[Scraped caption text data]

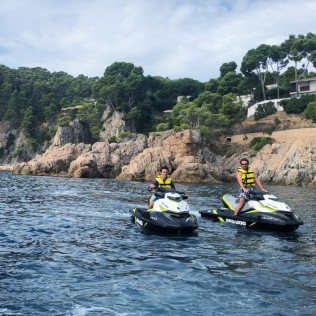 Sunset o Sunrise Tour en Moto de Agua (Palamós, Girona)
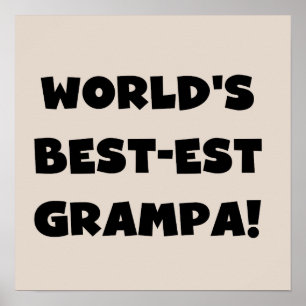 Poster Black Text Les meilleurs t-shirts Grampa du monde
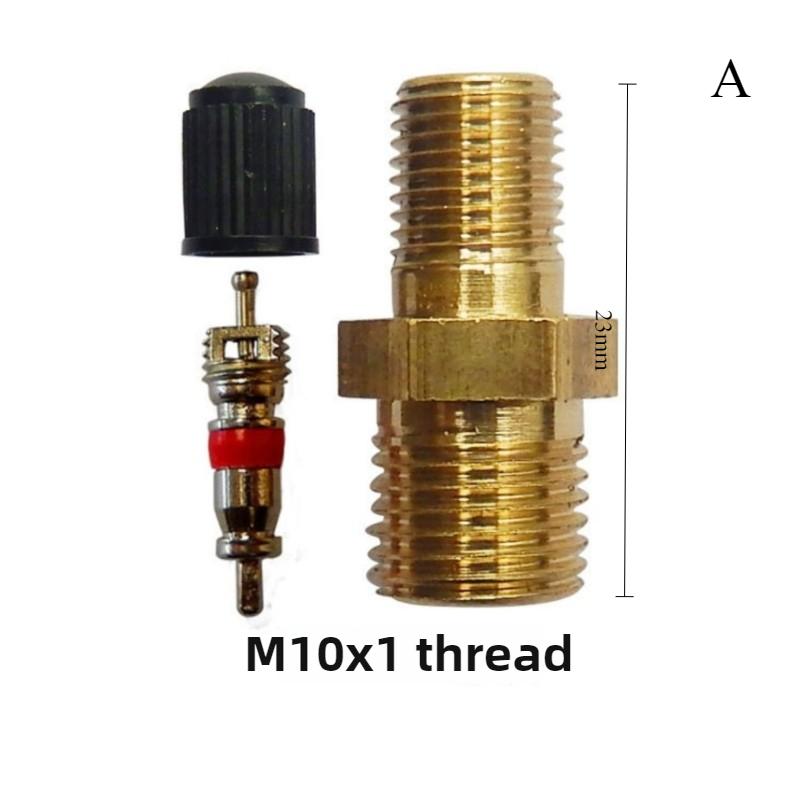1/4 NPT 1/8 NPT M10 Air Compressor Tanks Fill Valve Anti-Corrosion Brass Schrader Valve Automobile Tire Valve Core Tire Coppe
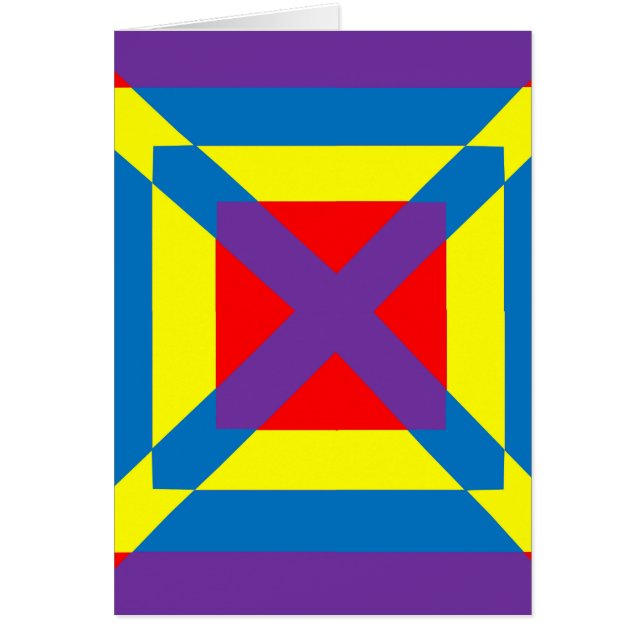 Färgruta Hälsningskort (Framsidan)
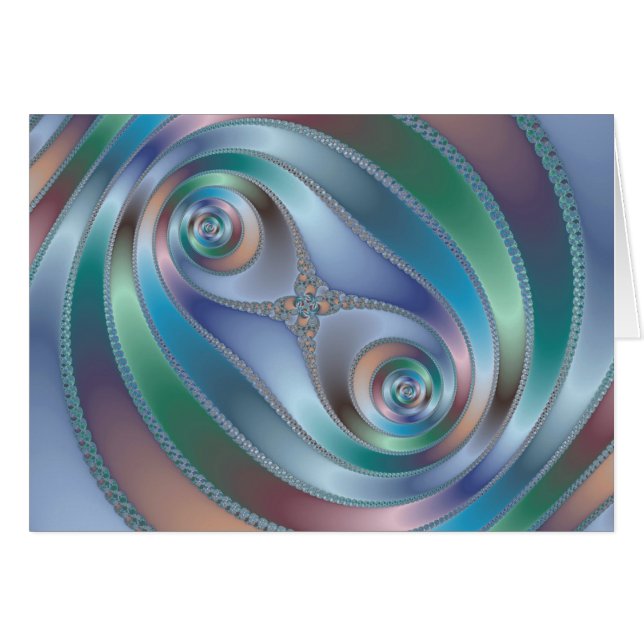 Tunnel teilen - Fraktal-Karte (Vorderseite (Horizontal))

Exercise |
An exact copy of the lines from the one with "Poster Black Text" through the last line of the records, inclusive, is required, with all pictures left out.

Task result |
 Poster Black Text Les meilleurs t-shirts Grampa du monde
1/4 NPT 1/8 NPT M10 Air Compressor Tanks Fill Valve Anti-Corrosion Brass Schrader Valve Automobile Tire Valve Core Tire Coppe
 Färgruta Hälsningskort (Framsidan)
 Tunnel teilen - Fraktal-Karte (Vorderseite (Horizontal))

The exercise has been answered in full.